Маркус рубанул ладонью воздух:
– Нет! Не палачами, а защитниками, вершителями справедливости! Всё, что есть у солдат, им не принадлежит. Все это отобрано у законных владельцев. Всё! И хлеб, и одежда, и талеры. Они убивают, грабят, угоняют скот и поджигают дома. Они слуги Сатаны, и наш христианский долг отомстить им за это. Ганс Келлер и мой отец – они погибли от рук солдат; наш город и вся земля вокруг покрыты их кровавыми отметинами. Вы правы, господин бургомистр, даже среди этих ублюдков могут иногда встретиться люди честные и порядочные. Но то, что они сотворили в Магдебурге, ставит их всех – всех! – вне закона, божеского и человеческого. После Магдебурга они утратили право называться людьми и не заслуживают ничего, кроме позорной смерти. Мы отберем у них то, что они украли, и спасем жизни честных людей. Свои собственные жизни!
– Убивать других, чтобы прокормить себя… Это удел зверей, Маркус.
Глаза юноши сверкнули:
– Если для защиты своего дома нужно стать зверем – я стану зверем! Если для спасения ребенка или женщины нужно стать зверем – я стану зверем! Зверь защищает себя, свое логово, своих детенышей – до конца, не боясь смерти, презирая страх. Он защищает тех, кого любит! И это ли не самое истинное проявление любви – выше слов, выше любых ухаживаний, – вступить в схватку и отдать жизнь ради того, кого любишь? Что может быть честнее и благороднее этого?! Если мы боремся за свой город, нам нечего стыдиться. Это наш долг и наше право! – Он стукнул кулаком по столу, так, что опрокинулась чернильница, и по поверхности стола разлилась черная маслянистая лужа. – Оглянитесь! Вокруг нас пустыня, выжженная, мертвая земля, и люди, которые ее населяют, – наши враги. Им нет дела до нас, до нашей памяти, наших святынь. При первой возможности они попытаются отнять то, что у нас есть. Вспомните интенданта, вспомните солдат, грабивших наши дома.
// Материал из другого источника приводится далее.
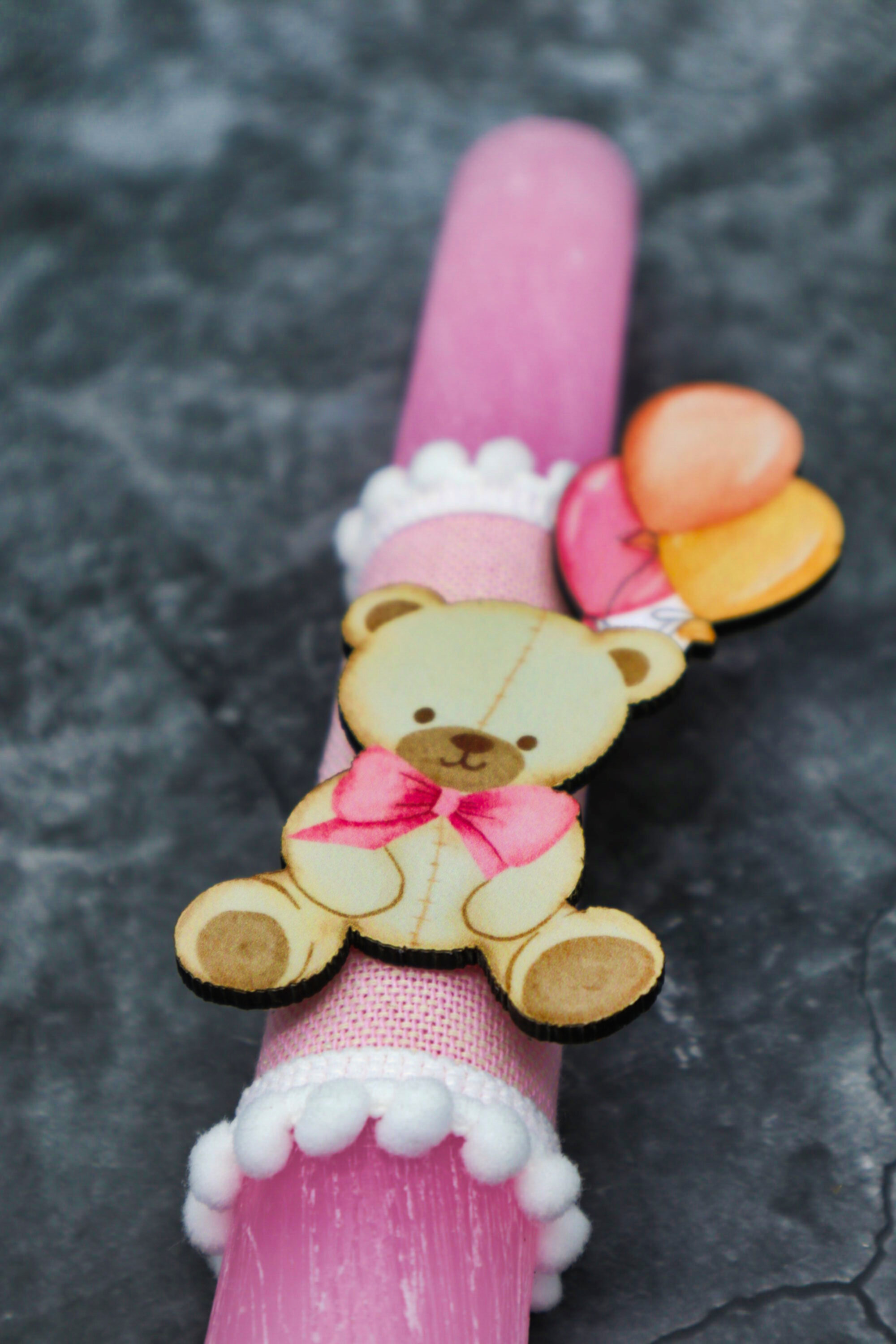 Osterkerze Balloon Bear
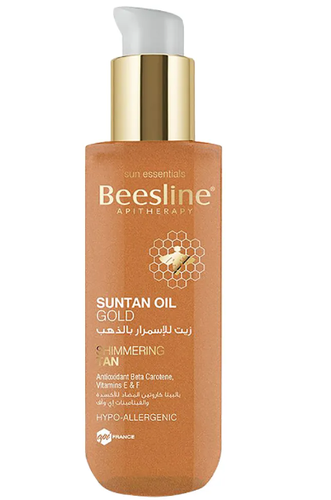 Suntan Oil Gold Shimmering Tan-200ml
У нас отняли деньги, имущество и еду – разве кто-то задумался хоть на миг, что станется с нами? А сейчас они хотят отнять наши жизни. И мы обязаны вступить с ними в схватку. Обязаны, чтобы выжить!!
Он замолчал. Его правая рука с побелевшим, стиснутым кулаком устало опустилась вниз.
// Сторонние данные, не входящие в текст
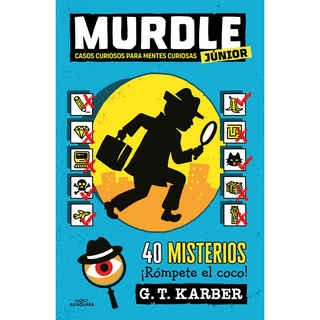 Portada del libro MURDLE JUNIOR 1: CASOS CURIOSOS PARA MEN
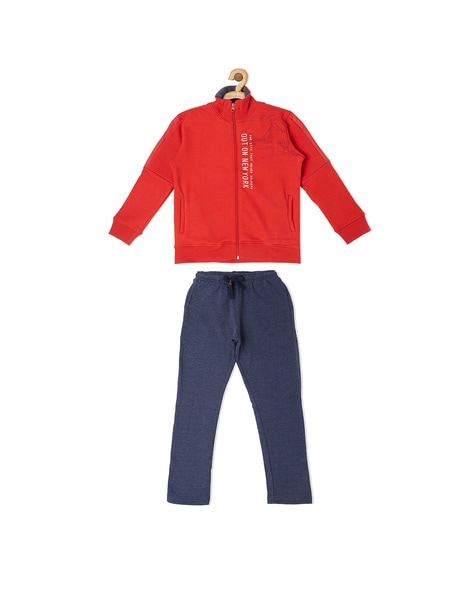 Boys 2024 training tracksuit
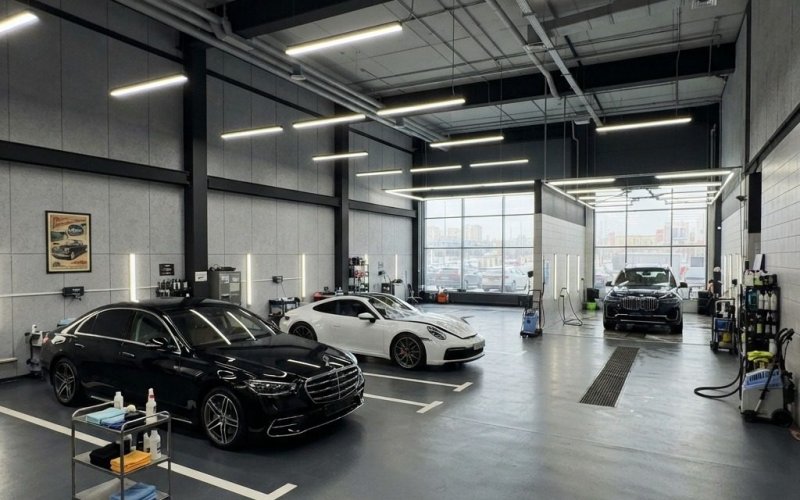 Детейлинг-центр с ручной автомойкой в Москве с прибылью 800 тыс. в мес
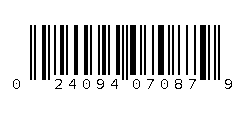 024094070879 Barcode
– Теперь решайте, – тихо сказал он и медленно, не глядя ни на кого, вышел из зала.
* * *Спустя четверть часа собрание завершилось, и все стали расходиться по домам. Дождь перестал, и на пустой, поблескивающей от воды площади приветливо золотилось теплое майское солнце.
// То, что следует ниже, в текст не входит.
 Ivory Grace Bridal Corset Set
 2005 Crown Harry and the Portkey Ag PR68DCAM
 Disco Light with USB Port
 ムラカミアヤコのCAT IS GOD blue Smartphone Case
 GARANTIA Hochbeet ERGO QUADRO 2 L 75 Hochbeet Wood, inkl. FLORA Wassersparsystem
– Ну, что скажешь? – спросил Хойзингер, проворачивая в замке тяжелый, кисло пахнущий железом ключ. Они выходили из ратуши последними. – Кто бы мог подумать! Первый раз прийти на собрание и устроить такое! Ты еще не жалеешь, что дал согласие на помолвку?
Он вынул ключ, для верности тронул запертую дверь ладонью, и они спустились по ступеням крыльца вниз, на сохнущие камни мостовой.